> _Task prompt_:
Copy each line from the listing below where the word "Navy" shows up.

━━━━━ Data for this task ━━━━━

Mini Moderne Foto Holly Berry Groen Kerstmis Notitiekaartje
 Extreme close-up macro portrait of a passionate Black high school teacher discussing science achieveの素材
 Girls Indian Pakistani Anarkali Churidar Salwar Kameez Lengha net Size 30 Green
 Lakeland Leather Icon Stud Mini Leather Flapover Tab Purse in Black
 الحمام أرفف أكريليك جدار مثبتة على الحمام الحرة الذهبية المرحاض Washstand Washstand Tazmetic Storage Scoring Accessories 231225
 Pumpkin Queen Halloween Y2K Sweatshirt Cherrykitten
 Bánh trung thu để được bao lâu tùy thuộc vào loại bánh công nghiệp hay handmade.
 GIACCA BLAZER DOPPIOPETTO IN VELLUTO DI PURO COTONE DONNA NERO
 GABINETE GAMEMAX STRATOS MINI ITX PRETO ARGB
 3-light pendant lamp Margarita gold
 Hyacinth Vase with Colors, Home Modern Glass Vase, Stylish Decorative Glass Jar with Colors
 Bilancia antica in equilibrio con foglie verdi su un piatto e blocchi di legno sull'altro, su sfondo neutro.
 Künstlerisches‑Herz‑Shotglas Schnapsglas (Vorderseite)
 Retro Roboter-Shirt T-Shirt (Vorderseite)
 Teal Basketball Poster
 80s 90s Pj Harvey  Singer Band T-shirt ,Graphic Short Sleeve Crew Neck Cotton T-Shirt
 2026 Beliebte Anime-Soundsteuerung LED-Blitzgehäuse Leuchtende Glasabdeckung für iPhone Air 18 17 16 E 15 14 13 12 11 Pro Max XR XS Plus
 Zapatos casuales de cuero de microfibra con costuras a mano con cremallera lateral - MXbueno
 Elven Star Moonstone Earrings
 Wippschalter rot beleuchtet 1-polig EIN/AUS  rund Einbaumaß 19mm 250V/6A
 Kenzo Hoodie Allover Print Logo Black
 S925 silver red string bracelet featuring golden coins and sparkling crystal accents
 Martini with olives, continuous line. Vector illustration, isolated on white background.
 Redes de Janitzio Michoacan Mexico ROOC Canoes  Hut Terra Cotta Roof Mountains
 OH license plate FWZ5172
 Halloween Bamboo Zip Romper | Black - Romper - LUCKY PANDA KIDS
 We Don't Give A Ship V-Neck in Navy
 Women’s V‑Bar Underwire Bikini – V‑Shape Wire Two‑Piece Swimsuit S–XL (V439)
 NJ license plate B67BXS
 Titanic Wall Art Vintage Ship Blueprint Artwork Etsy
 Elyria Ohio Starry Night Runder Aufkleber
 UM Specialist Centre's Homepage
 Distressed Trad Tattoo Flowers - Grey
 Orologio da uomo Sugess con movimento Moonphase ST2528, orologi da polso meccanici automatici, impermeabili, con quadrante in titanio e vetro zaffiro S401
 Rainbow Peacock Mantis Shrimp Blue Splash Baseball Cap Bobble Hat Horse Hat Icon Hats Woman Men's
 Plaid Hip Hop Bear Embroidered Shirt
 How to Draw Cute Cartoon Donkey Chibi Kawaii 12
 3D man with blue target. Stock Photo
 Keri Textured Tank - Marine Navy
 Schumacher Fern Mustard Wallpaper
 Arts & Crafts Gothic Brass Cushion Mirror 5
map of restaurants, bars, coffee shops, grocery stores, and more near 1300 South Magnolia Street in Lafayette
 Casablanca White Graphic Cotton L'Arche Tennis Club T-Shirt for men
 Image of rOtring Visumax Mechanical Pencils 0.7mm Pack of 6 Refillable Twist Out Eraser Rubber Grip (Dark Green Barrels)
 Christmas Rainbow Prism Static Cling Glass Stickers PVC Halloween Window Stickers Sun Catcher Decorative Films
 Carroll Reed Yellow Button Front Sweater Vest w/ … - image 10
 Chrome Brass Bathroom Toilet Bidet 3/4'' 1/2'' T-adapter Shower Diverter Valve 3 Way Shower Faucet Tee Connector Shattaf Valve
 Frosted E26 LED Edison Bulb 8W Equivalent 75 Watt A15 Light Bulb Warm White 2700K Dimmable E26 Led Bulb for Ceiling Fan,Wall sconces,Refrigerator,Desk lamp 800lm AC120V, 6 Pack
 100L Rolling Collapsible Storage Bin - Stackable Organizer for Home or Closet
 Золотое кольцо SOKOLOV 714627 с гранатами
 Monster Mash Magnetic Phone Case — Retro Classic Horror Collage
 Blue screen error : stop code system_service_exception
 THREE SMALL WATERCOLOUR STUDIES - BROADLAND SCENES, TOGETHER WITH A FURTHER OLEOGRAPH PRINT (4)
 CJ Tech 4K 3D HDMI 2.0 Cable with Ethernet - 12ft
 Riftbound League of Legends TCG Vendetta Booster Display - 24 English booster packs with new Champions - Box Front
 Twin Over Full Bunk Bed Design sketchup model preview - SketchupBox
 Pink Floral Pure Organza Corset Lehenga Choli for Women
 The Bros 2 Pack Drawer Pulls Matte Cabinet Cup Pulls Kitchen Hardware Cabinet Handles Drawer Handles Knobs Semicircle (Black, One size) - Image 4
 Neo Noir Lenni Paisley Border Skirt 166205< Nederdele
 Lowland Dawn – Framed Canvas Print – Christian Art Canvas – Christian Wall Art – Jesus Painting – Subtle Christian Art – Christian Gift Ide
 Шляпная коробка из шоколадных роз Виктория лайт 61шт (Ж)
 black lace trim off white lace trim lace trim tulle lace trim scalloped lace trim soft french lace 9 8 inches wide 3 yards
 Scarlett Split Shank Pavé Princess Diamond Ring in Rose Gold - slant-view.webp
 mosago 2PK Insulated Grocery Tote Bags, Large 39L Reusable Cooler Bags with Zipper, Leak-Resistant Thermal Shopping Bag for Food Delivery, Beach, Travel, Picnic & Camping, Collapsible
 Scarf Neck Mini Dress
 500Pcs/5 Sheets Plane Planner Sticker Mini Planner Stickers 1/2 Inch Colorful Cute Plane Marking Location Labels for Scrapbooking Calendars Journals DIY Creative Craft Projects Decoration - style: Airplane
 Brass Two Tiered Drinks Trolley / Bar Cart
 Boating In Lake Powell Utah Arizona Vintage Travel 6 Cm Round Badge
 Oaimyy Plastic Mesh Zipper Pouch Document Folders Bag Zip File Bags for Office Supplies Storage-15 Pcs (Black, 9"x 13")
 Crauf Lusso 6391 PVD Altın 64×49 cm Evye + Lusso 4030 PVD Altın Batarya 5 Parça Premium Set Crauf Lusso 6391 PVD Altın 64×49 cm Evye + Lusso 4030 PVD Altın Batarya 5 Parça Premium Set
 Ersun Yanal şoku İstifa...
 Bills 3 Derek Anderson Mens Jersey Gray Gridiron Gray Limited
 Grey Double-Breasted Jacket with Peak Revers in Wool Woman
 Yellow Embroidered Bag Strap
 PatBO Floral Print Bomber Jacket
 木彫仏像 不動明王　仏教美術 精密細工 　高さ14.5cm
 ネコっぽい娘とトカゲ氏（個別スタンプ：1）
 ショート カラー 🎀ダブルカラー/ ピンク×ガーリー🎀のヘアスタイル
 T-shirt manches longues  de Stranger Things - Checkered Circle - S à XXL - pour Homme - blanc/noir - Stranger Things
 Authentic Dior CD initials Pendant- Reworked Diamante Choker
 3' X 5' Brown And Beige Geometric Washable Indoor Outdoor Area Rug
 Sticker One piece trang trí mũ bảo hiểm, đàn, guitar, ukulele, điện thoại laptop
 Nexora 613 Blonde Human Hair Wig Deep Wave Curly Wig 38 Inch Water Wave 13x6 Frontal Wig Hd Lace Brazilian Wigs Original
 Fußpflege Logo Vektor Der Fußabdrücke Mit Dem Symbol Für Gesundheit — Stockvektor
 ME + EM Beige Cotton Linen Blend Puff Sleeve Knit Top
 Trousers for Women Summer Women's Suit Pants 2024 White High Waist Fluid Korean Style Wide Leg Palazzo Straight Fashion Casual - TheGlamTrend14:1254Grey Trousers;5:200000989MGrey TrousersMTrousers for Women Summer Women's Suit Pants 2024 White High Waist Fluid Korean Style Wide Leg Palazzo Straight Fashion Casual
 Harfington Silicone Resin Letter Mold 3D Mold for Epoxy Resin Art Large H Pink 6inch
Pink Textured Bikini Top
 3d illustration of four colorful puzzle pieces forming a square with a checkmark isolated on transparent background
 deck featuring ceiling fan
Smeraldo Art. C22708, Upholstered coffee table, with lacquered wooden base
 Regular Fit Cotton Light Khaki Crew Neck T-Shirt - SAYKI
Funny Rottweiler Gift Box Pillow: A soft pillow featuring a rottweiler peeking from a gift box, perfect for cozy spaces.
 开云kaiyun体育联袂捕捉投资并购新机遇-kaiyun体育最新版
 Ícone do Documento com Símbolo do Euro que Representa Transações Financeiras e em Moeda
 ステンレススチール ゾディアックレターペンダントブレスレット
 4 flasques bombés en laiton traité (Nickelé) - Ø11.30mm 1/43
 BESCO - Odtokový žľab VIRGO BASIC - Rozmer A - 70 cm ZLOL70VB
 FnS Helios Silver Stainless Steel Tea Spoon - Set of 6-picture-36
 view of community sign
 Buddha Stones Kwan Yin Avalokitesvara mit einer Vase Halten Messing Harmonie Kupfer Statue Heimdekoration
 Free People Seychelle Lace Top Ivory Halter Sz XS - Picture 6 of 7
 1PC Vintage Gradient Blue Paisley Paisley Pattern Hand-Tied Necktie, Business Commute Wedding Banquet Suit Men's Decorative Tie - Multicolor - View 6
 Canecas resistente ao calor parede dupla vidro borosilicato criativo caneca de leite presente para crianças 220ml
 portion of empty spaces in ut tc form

━━━━━

> _Answer box_:
 We Don't Give A Ship V-Neck in Navy
 Keri Textured Tank - Marine Navy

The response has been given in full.